Er zouden nog veel familiedrama’s volgen; verwerkt in de tragedies van Sophocles en Euripides.

Romulus en Remus

Romulus en Remus door wolvin gezoogd[3]

Een Romeinse mythe verhaalt over Romulus en Remus. Een prinsessendochter werd door haar gemene oom gedwongen haar dagen door te brengen als Vestaalse Maagd, om te voorkomen dat ze troonopvolgers zou baren. Toch wist de oorlogsgod Mars bij haar tweelingzonen te verwekken. Toen de bevalling werd ontdekt, werd de prinses gedood en werden de twee jongens in een mand in de rivier de Tiber gegooid om te sterven. In plaats daarvan dreef de tweeling veilig aan land en werd gevonden door een wolvin, die hen zoogde totdat een herder hen vond en grootbracht. Later werden zij de stichters van Rome. (De wolf heeft niet altijd een bloeddorstig imago).

Herakles

De jonge Herakles wurgt een slang — kunstenaar onbekend[4]

Oppergodin Hera was herhaaldelijk jaloers vanwege de ontrouw van echtgenoot Zeus. Vervuld van wraak besloot zij Zeus’ bastaardzoon Herakles te laten wurgen door twee slangen in zijn wieg te leggen. Maar het kind beschikte al over legendarische kracht en doodde hen. Hera kon haar jaloezie niet vergeten en liet hem later in een aanval van waanzin de zonen doden die een Thebische prinses hem schonk.

Thetis en Achilles

De zeenimf Thetis was de geliefde van zowel Zeus als Poseidon. Na een voorspelling dat ze een zoon zou krijgen, machtiger dan zijn vader, werd ze na aanvankelijk verzet uitgehuwd aan koning Peleus. Bang, wierp ze hun eerste zes pasgeborenen in het vuur. Vader Peleus wist de zevende, Achilles, te redden, die één van de helden van het Trojaanse epos werd.

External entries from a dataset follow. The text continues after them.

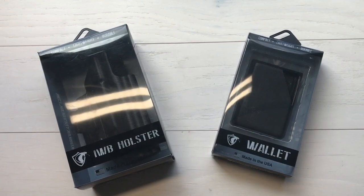Hey everybody, Desert Guardian here, and today I want to talk to you about Cobra Kydex gear. Cobra Kydex is out of Chester, Georgia. They are made in the USA.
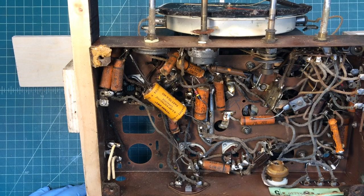Hi folks, thanks for joining me. You can see I've got the chassis for the Zenith 6S229 on the bench.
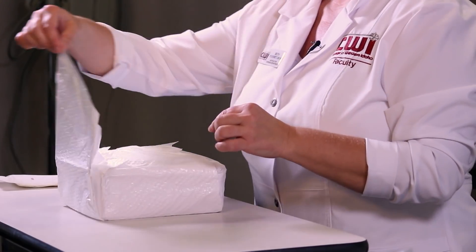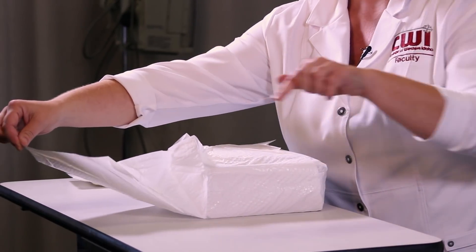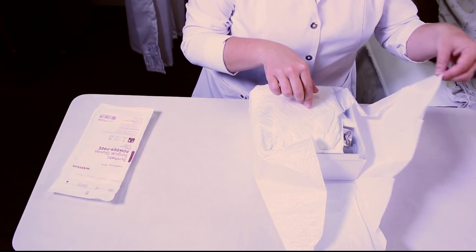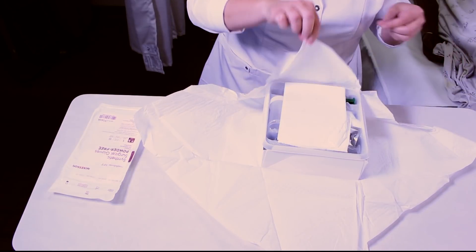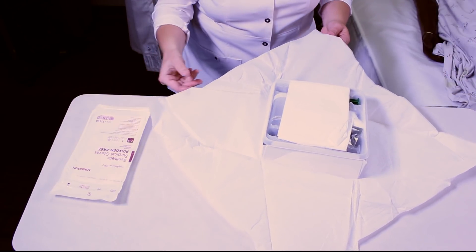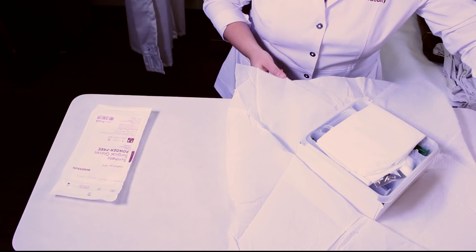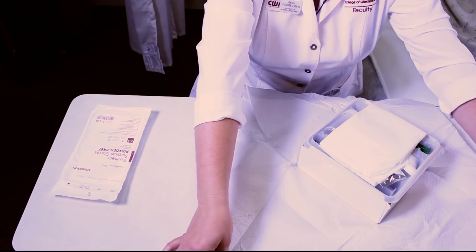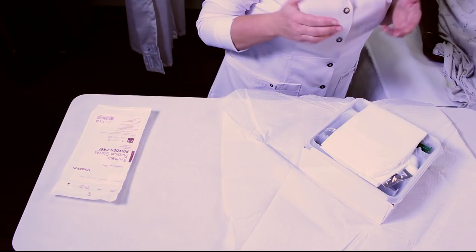We'll start by taking the end that's away from you, keeping in mind that the one-inch portion around the edge of the drape is not sterile. You always want to do the edge that's away from you first. You never want to reach completely over your sterile field.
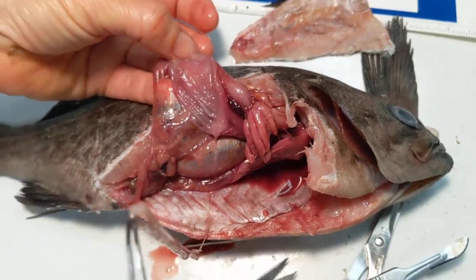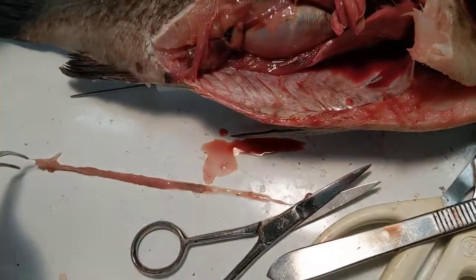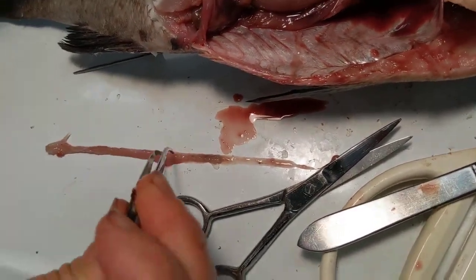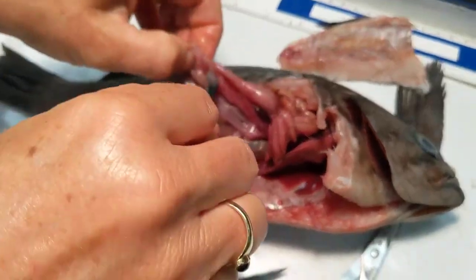A worm. So it did eat a worm. These guys are pretty omnivorous. So nothing else good in the stomach.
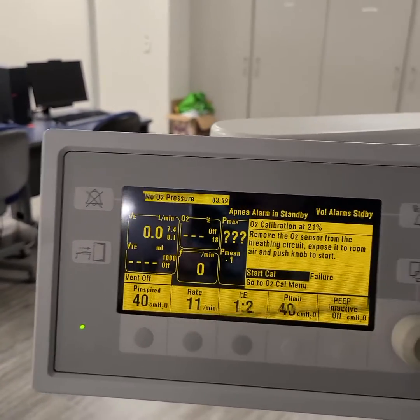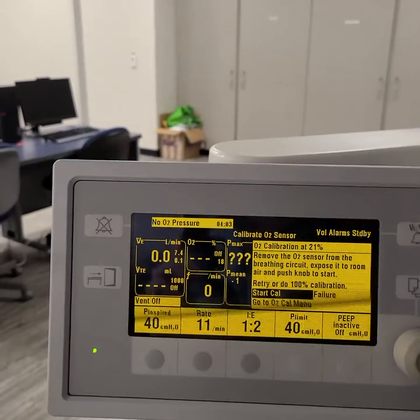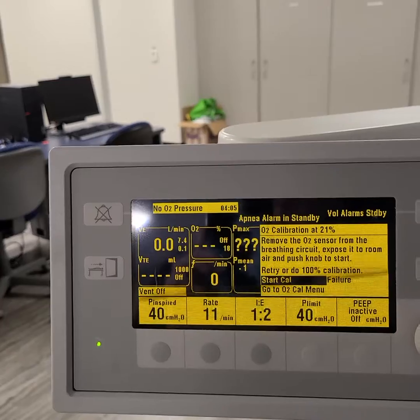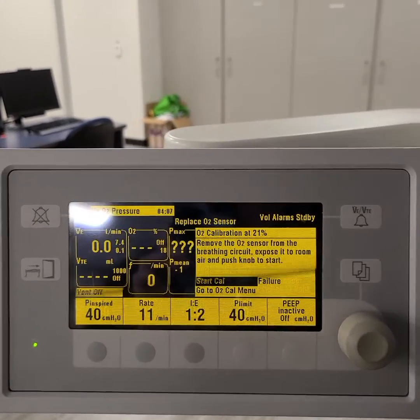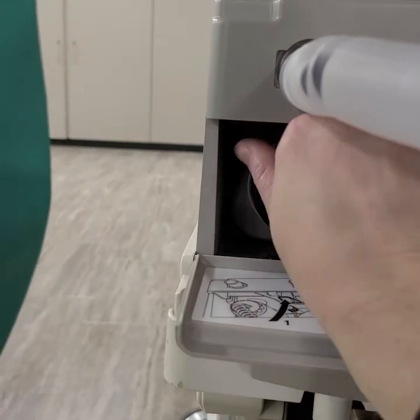And it failed because we don't have anything hooked up like we should. But if it was correct, it would have calibrated, succeeded, and we'd put this back on.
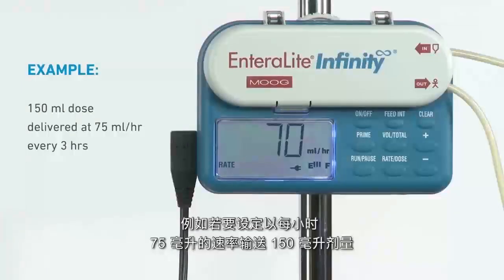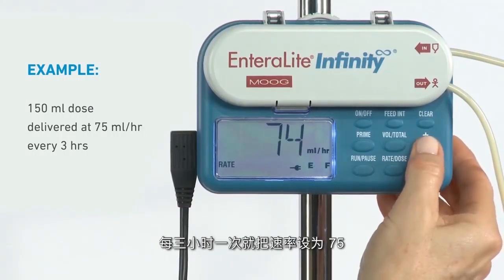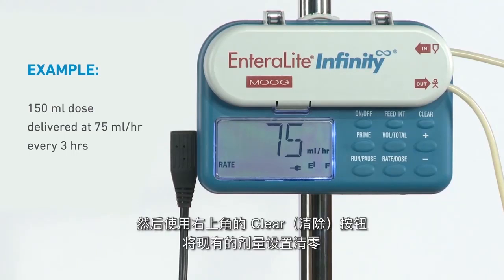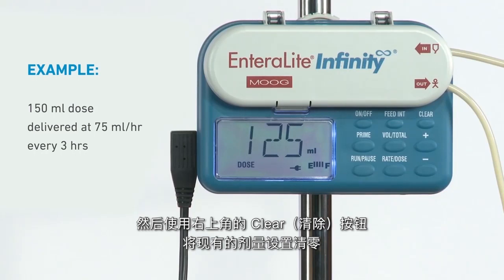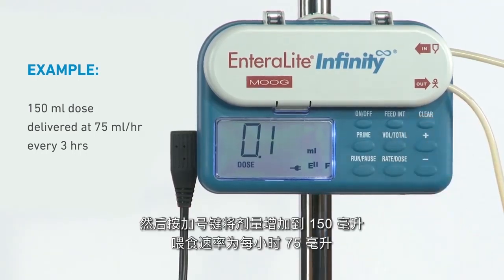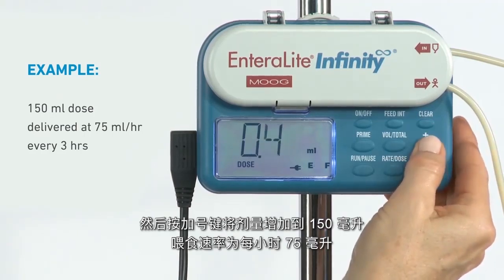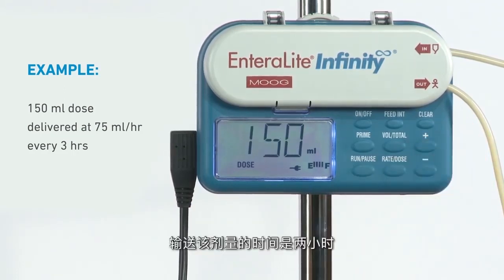For example, to program a 150 milliliter dose delivered at 75 milliliters per hour every 3 hours, set the rate at 75. Then use the clear button in the upper right-hand corner to zero out the existing dose setting. Press the plus key to increase the dose to 150 milliliters at a feeding rate of 75 milliliters per hour. The time to deliver that dose is 2 hours.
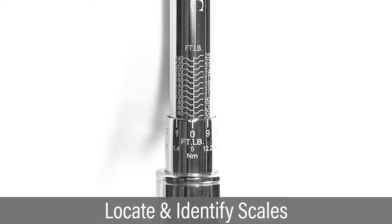In this video, we will set and apply 65 foot-pounds of torque. Locate the vertical center line with graduated horizontal marks at 10 foot-pound increments. Identify the scale at the edge of the adjusting collar that measures in 1 foot-pound increments.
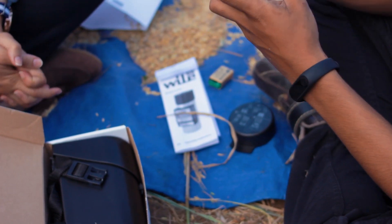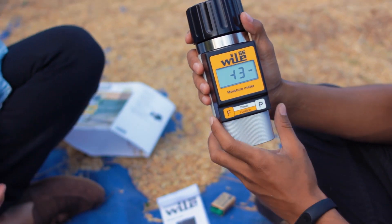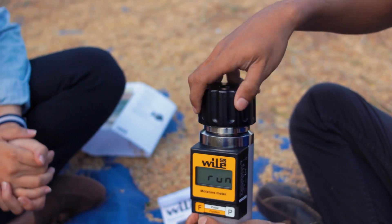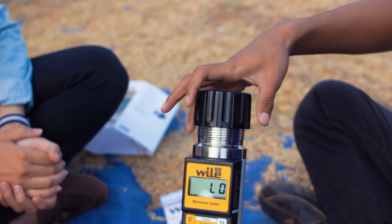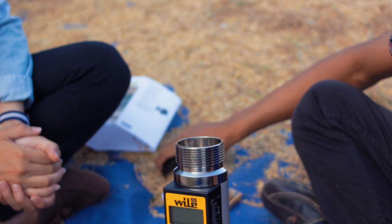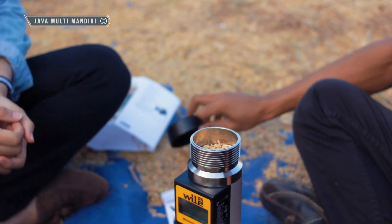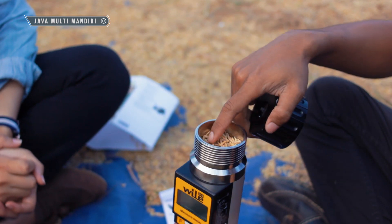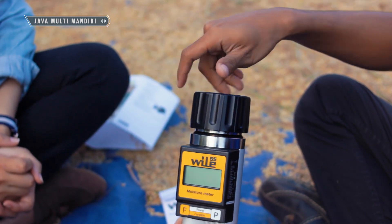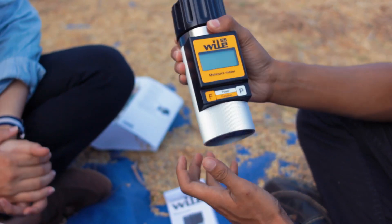Jika alat sudah terpasang baterainya, kemudian kita akan nyalakan alatnya. Kita akan masukkan biji gabah. Caranya seperti ini, menggunakan penutup ini. Isi jangan sampai penuh — isilah sampel satu per empat, kemudian pasangkan tutupnya, lalu goyangkan, kemudian nyalakan alatnya.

Er wordt gezegd dat de mythische Amazone-strijders al hun mannelijke nageslacht bij de geboorte weggooiden. Enkelen maakten ze kreupel om als bedienden te gebruiken.

Ook de overige wereldmythologie verhaalt over het doden van een kind door goddelijke ouders.

Hindoeïsme

De Olifantgod Ganesha

Parvati op haar rijdier (de leeuw) met Ganesha op haar schoot[5]

Er bestaan meerdere mythen over de buitengemeen geliefde Ganesha met de olifantenkop, god van kennis en wijsheid, beschermheilige van reizigers. Hij was de zoon van god Shiva en zijn gemalin godin Parvati.

Zo wordt verteld dat Shiva geen zoon van zichzelf wilde. Het gaf al genoeg vreugde de mensen te helpen kinderen te krijgen. Parvati verlangde echter naar een eigen kind en verzonk in een diepe droefheid. Shiva maakte van één van haar gewaden een bundeltje en legde dat in haar armen om te liefkozen.
Toen ze het tegen zich aan drukte kwam het tot leven. Ze omringde het kindje met lotusbloemen en ging het de borst geven. Jaloers bekeek Shiva al haar aandacht voor de nieuwkomer en de stralen van zijn middelste oog verschroeiden zijn hoofdje — Shiva’s ogen symboliseren de zon, de maan, en het middelste verticaal op zijn voorhoofd staande derde oog, het vuur. Om de extreem overstuur zijnde Parvati tot bedaren te brengen verving Shiva het hoofd door dat van het eerste levende wezen dat hij tegenkwam, dat van een jonge olifant met slechts één slagtand.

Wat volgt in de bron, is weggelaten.